WHAT YOU NEED TO DO – If a line in the data below holds the word "with", copy it.

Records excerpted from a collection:
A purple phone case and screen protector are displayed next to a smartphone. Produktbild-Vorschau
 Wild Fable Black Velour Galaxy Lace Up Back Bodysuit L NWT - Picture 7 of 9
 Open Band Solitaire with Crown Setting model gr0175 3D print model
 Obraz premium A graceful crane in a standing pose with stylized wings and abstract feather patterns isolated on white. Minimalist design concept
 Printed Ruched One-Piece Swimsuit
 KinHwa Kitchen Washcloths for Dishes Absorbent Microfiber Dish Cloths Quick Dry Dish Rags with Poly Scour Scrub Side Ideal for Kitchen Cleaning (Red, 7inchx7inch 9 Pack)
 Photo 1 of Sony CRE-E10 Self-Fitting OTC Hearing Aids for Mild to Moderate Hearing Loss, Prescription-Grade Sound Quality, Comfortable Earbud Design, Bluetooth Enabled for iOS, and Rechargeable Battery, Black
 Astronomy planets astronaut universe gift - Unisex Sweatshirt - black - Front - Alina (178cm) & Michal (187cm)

TASK OUTPUT –
 Open Band Solitaire with Crown Setting model gr0175 3D print model
 Obraz premium A graceful crane in a standing pose with stylized wings and abstract feather patterns isolated on white. Minimalist design concept
 KinHwa Kitchen Washcloths for Dishes Absorbent Microfiber Dish Cloths Quick Dry Dish Rags with Poly Scour Scrub Side Ideal for Kitchen Cleaning (Red, 7inchx7inch 9 Pack)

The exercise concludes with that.